Give back an exact copy of the lines in the records below, from the line that has "Dried Fish in Minkamman Port" through the line that has "Colorful lupins put", and nothing besides.

• [Data section]
[Start of section]
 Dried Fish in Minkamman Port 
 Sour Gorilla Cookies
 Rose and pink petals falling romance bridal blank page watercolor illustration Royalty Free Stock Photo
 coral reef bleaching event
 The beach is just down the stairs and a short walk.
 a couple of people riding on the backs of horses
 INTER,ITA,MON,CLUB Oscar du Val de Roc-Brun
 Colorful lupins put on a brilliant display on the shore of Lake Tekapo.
[End of section]
[Start of section]
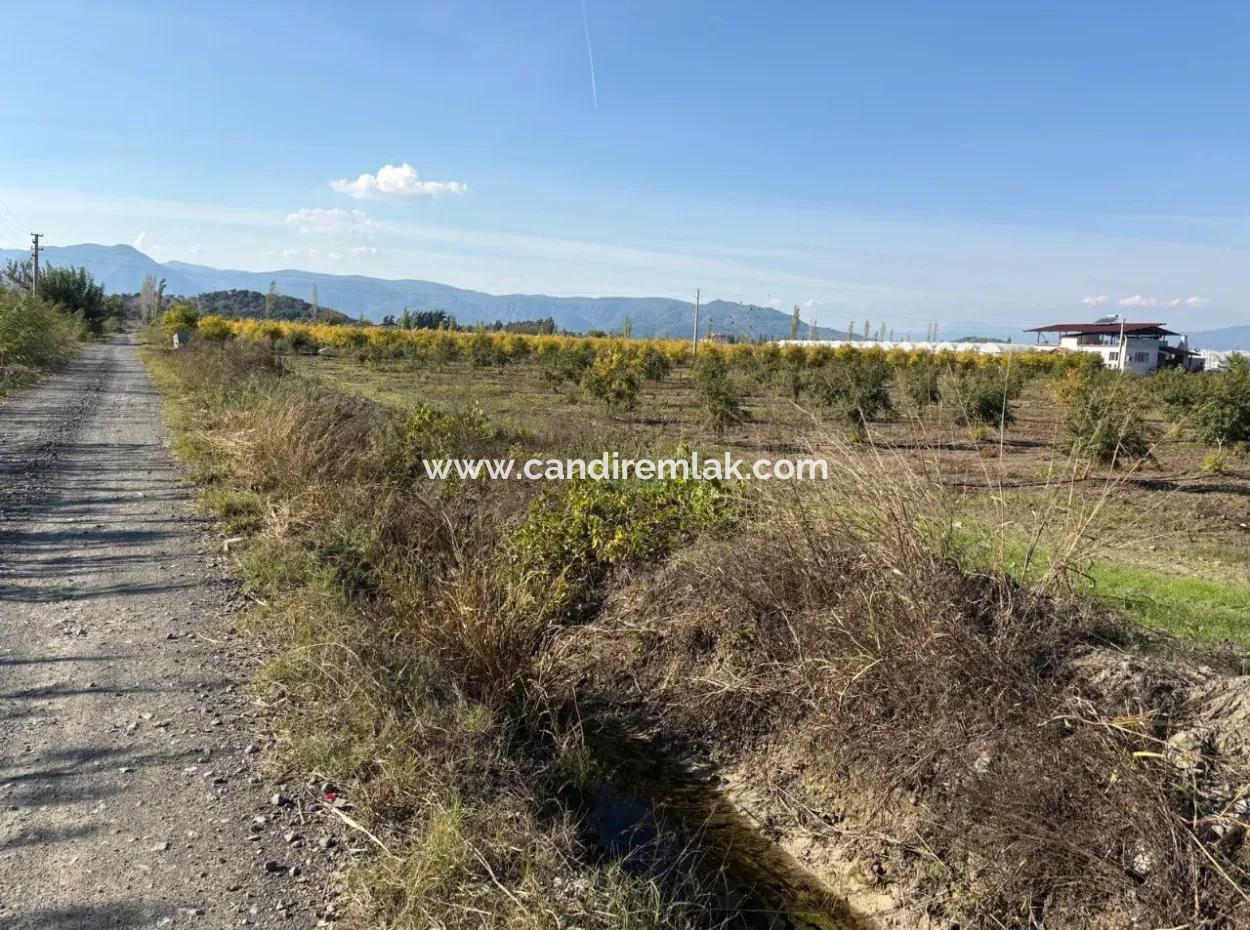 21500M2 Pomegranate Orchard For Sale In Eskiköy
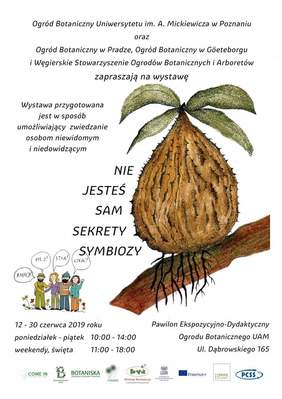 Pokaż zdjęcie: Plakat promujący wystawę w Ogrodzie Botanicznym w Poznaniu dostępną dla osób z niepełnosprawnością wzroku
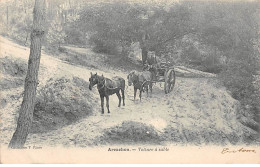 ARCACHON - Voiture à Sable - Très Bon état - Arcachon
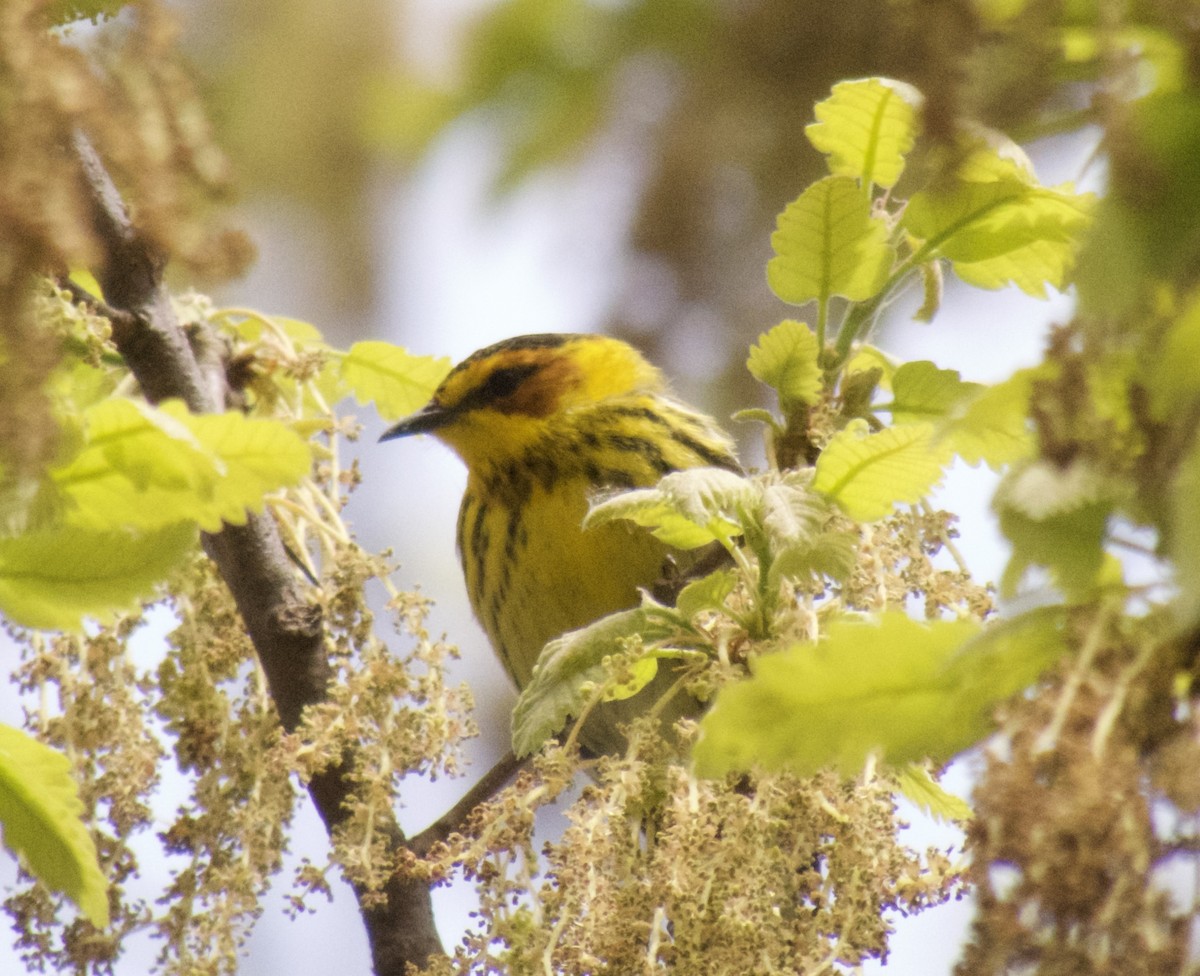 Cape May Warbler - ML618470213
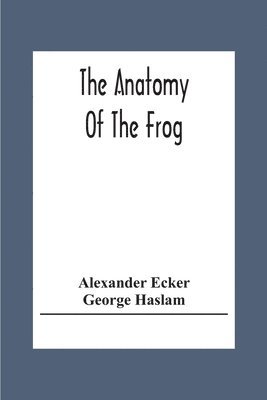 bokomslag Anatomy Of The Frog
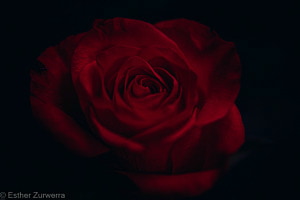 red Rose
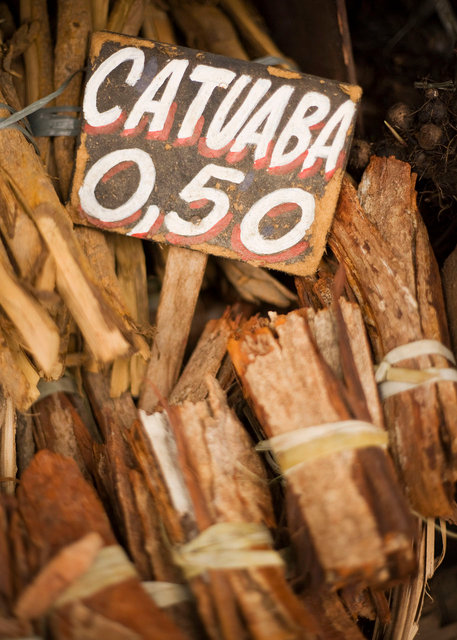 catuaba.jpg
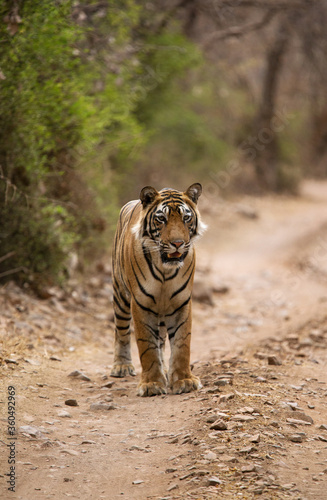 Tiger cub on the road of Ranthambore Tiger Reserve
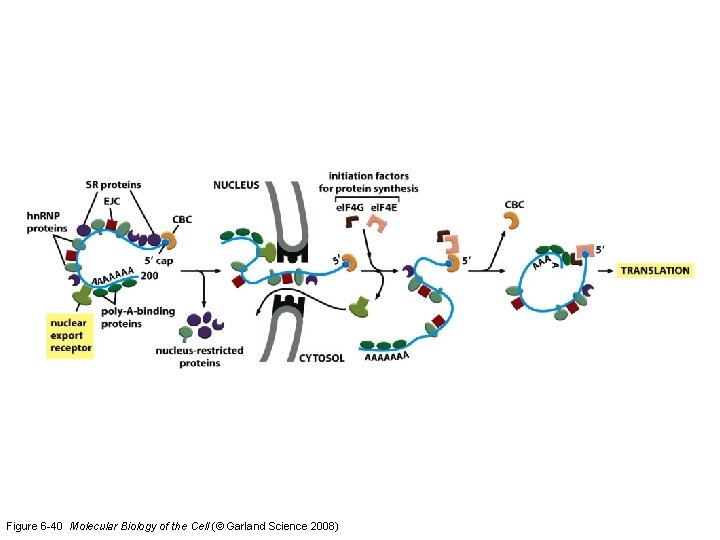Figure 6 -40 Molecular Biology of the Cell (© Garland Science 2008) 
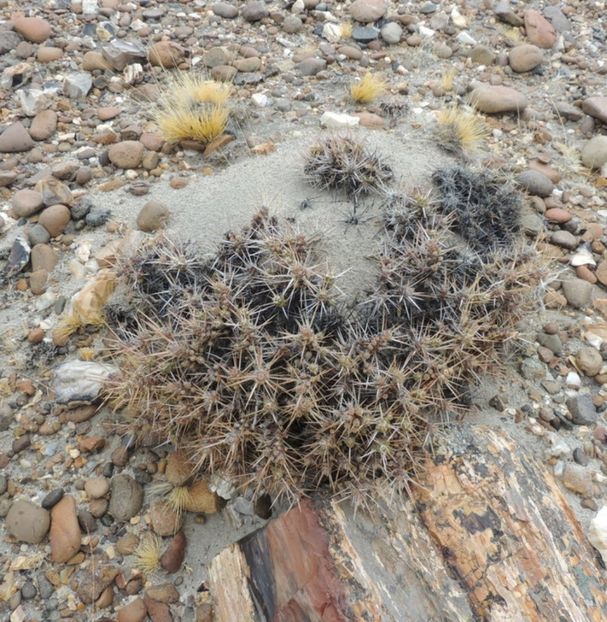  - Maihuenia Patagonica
[End of section]
[Start of section]
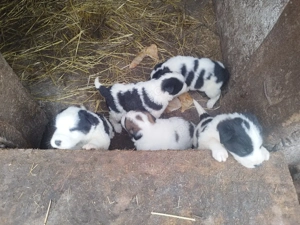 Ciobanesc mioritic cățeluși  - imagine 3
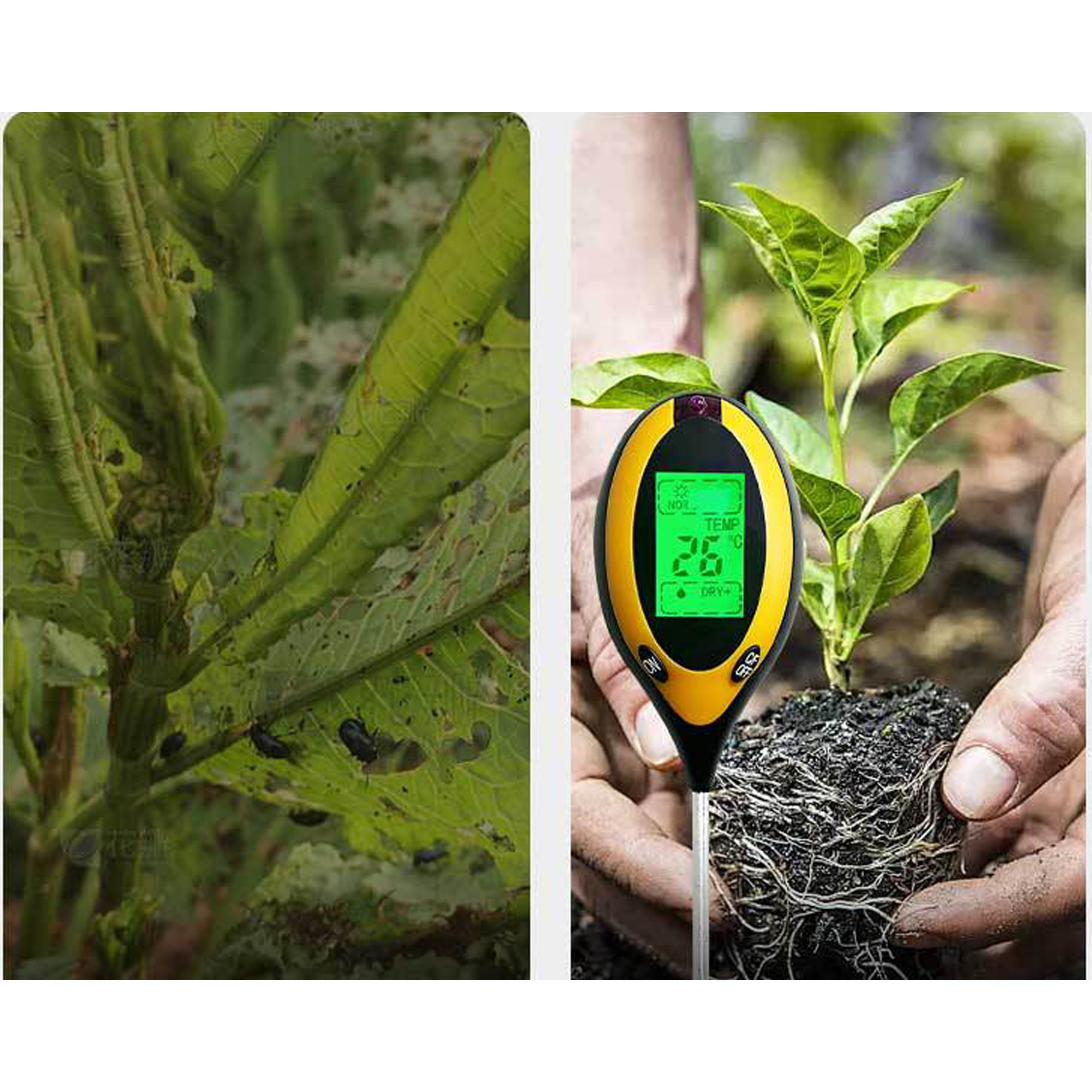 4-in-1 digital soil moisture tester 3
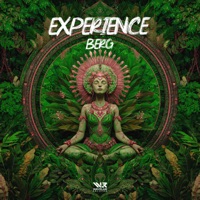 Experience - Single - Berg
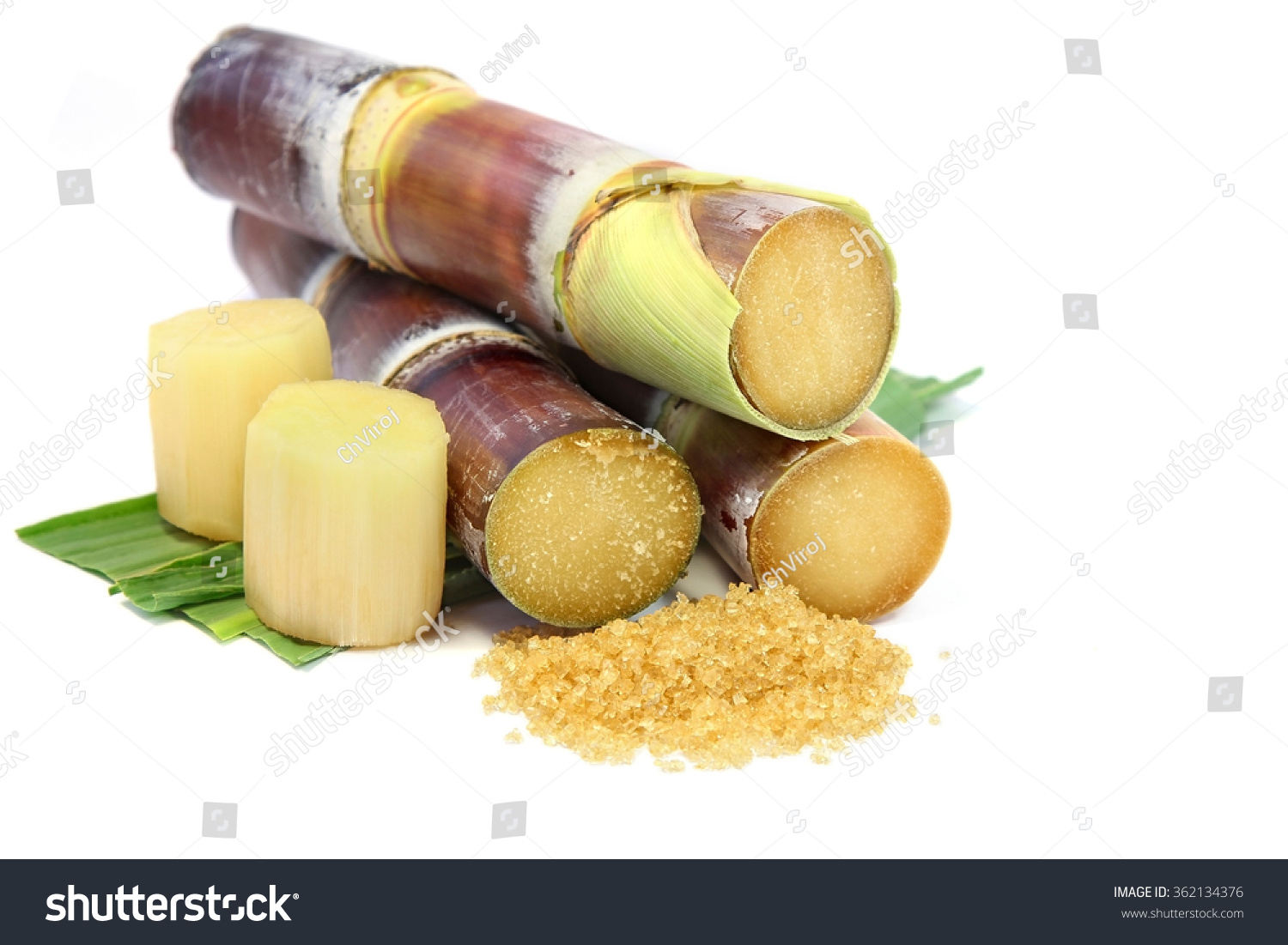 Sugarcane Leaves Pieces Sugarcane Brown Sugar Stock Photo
[End of section]
• [Solution for this problem]
 Dried Fish in Minkamman Port 
 Sour Gorilla Cookies
 Rose and pink petals falling romance bridal blank page watercolor illustration Royalty Free Stock Photo
 coral reef bleaching event
 The beach is just down the stairs and a short walk.
 a couple of people riding on the backs of horses
 INTER,ITA,MON,CLUB Oscar du Val de Roc-Brun
 Colorful lupins put on a brilliant display on the shore of Lake Tekapo.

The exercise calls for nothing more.